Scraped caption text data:
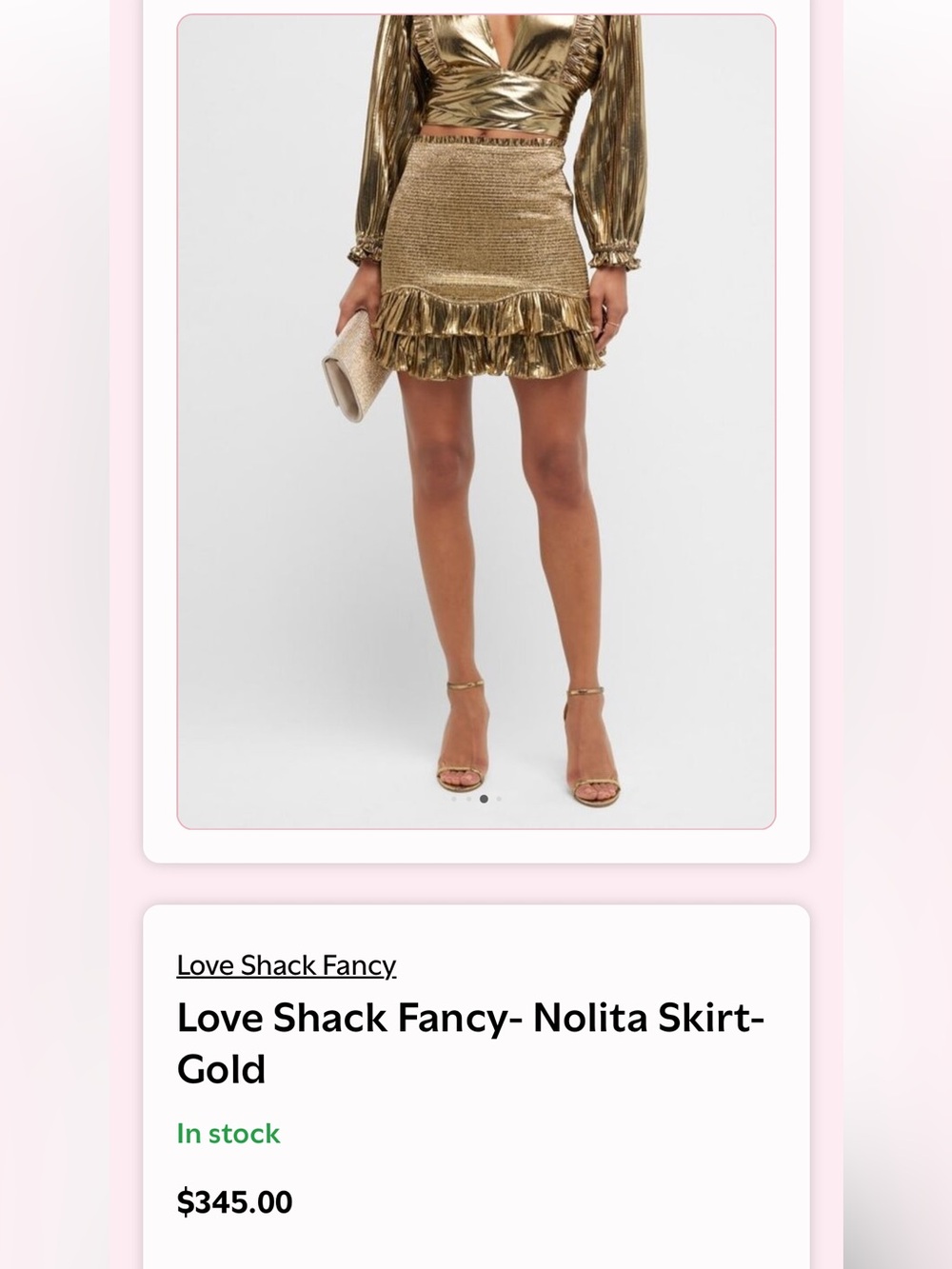 LoveShackFancy Metallic Gold Ruffle Mini Skirt - Picture 4 of 4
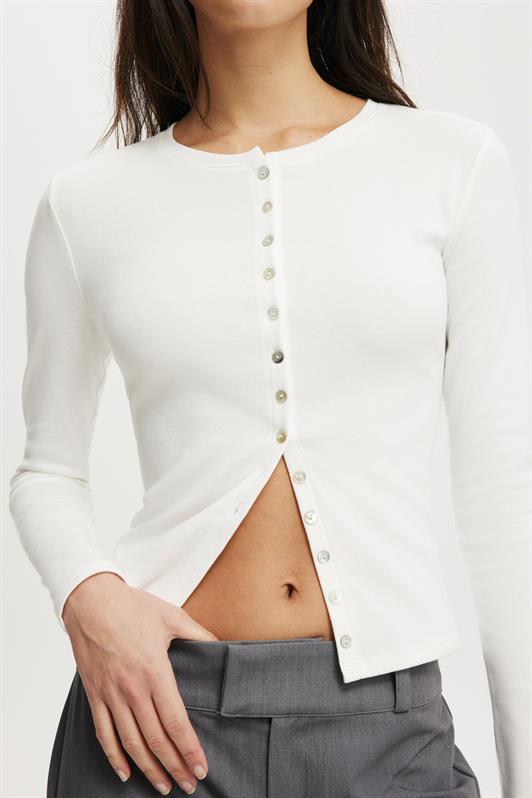 MDX White Slim Fit Buttoned Women's Cardigan MG2580 - Glenview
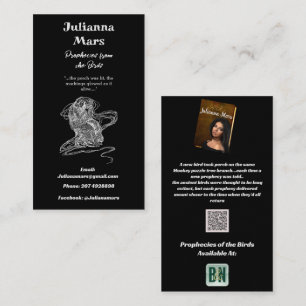 Carte De Visite La promotion de l'auteur noir blanc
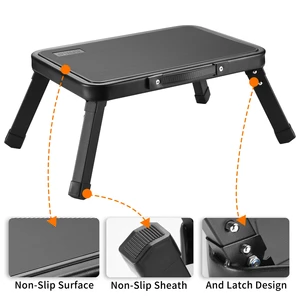 ALPURLAD-سلم تلسكوبي قابل للطي ، سلم براز من الألومنيوم ، 1 خطوة ، سلم تلسكوبي للمنزل أعلى 8 مبيعات سلم تلسكوبي من الألومنيوم - No5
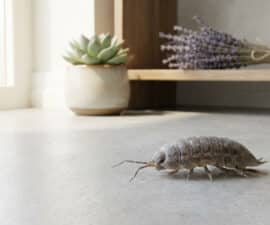Un petit cloporte gris se déplace sur un sol intérieur clair, près d'une plante succulente et de lavande.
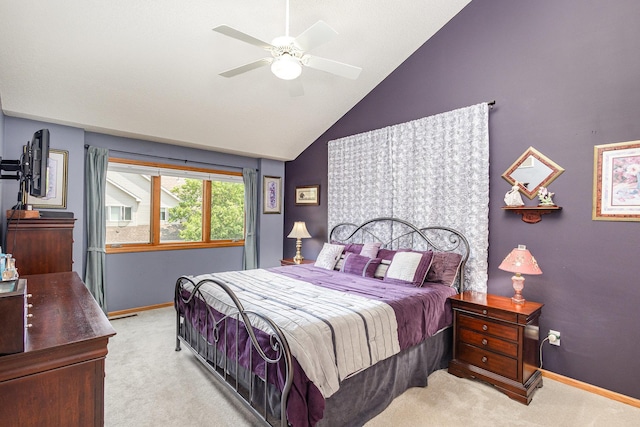 4426 Lakeshore Ter, Eagan, MN 55122 - carpeted bedroom with ceiling fan and high vaulted ceiling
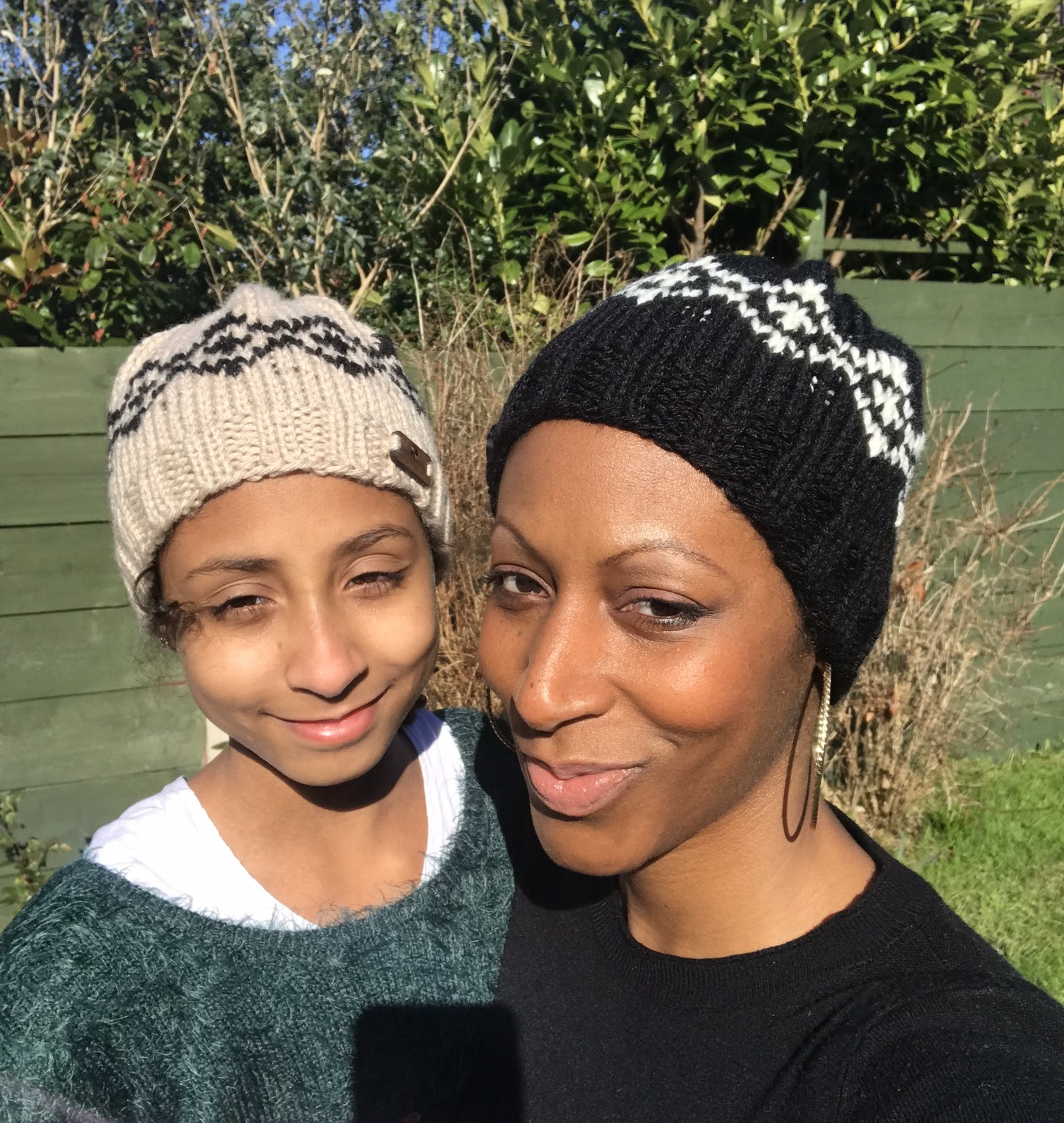 Hand-Knitted Beanie Hat in 100% Alpaca Wool with "Diamond" Fair isle pattern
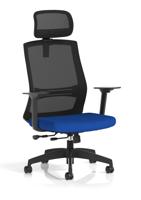 Ventra Mesh Back Task Operator Chair With Height Adjustable Arms With Headrest Bespoke Colour Seat Stevia Blue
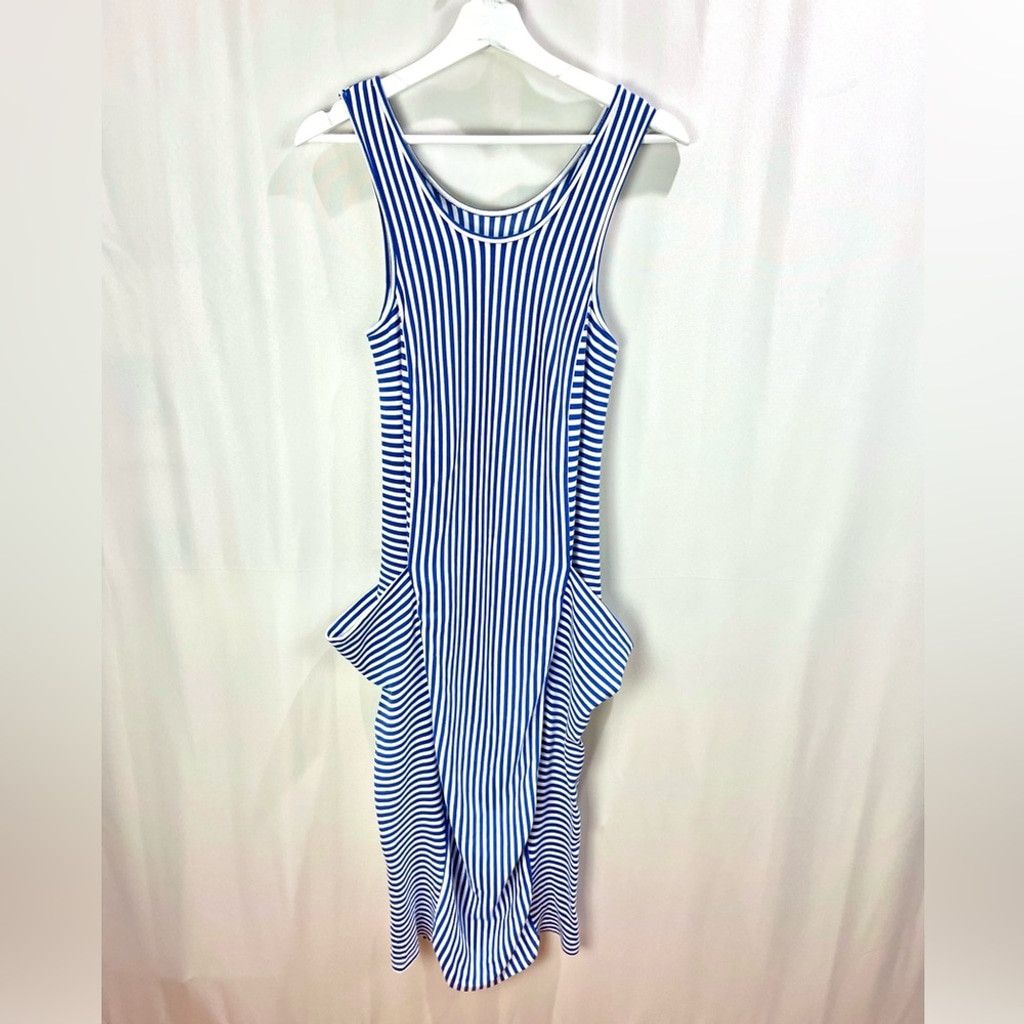 Other Blue Striped Slouch Pocket Tank Midi Dress Size M Size M / US 6-8 / IT 42-44 - 2 Thumbnail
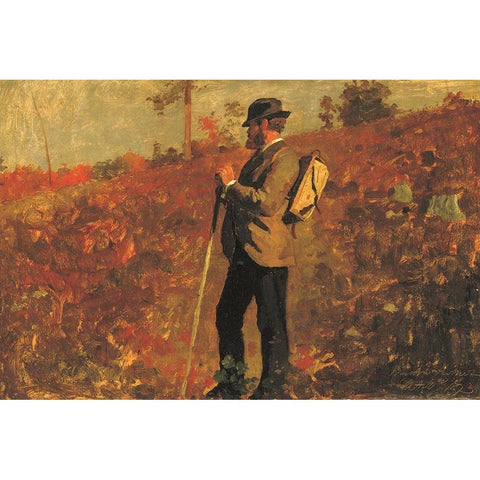 Man with a Knapsack Black Modern Wood Framed Art Print with Double Matting by Homer, Winslow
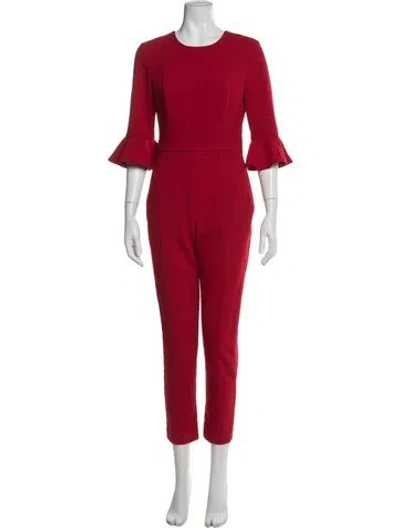 Pre-owned Black Halo Crew Neck Jumpsuit In Red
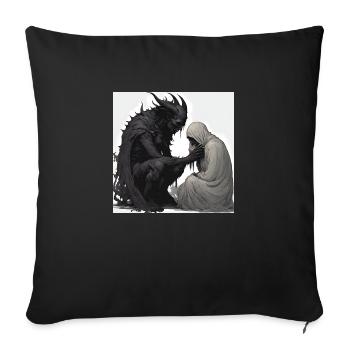 Outer Space Esoteric Saying - Sofa pillowcase 17,3'' x 17,3'' (45 x 45 cm) - black - Front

AIM OF THE EXERCISE: Make an exact copy of the data above, pictures excluded.

RESULT FOR THIS EXERCISE:
 LoveShackFancy Metallic Gold Ruffle Mini Skirt - Picture 4 of 4
 MDX White Slim Fit Buttoned Women's Cardigan MG2580 - Glenview
 Carte De Visite La promotion de l'auteur noir blanc
 ALPURLAD-سلم تلسكوبي قابل للطي ، سلم براز من الألومنيوم ، 1 خطوة ، سلم تلسكوبي للمنزل أعلى 8 مبيعات سلم تلسكوبي من الألومنيوم - No5
Un petit cloporte gris se déplace sur un sol intérieur clair, près d'une plante succulente et de lavande.
 4426 Lakeshore Ter, Eagan, MN 55122 - carpeted bedroom with ceiling fan and high vaulted ceiling
 Hand-Knitted Beanie Hat in 100% Alpaca Wool with "Diamond" Fair isle pattern
 Ventra Mesh Back Task Operator Chair With Height Adjustable Arms With Headrest Bespoke Colour Seat Stevia Blue
 Other Blue Striped Slouch Pocket Tank Midi Dress Size M Size M / US 6-8 / IT 42-44 - 2 Thumbnail
 Man with a Knapsack Black Modern Wood Framed Art Print with Double Matting by Homer, Winslow
 Pre-owned Black Halo Crew Neck Jumpsuit In Red
 Outer Space Esoteric Saying - Sofa pillowcase 17,3'' x 17,3'' (45 x 45 cm) - black - Front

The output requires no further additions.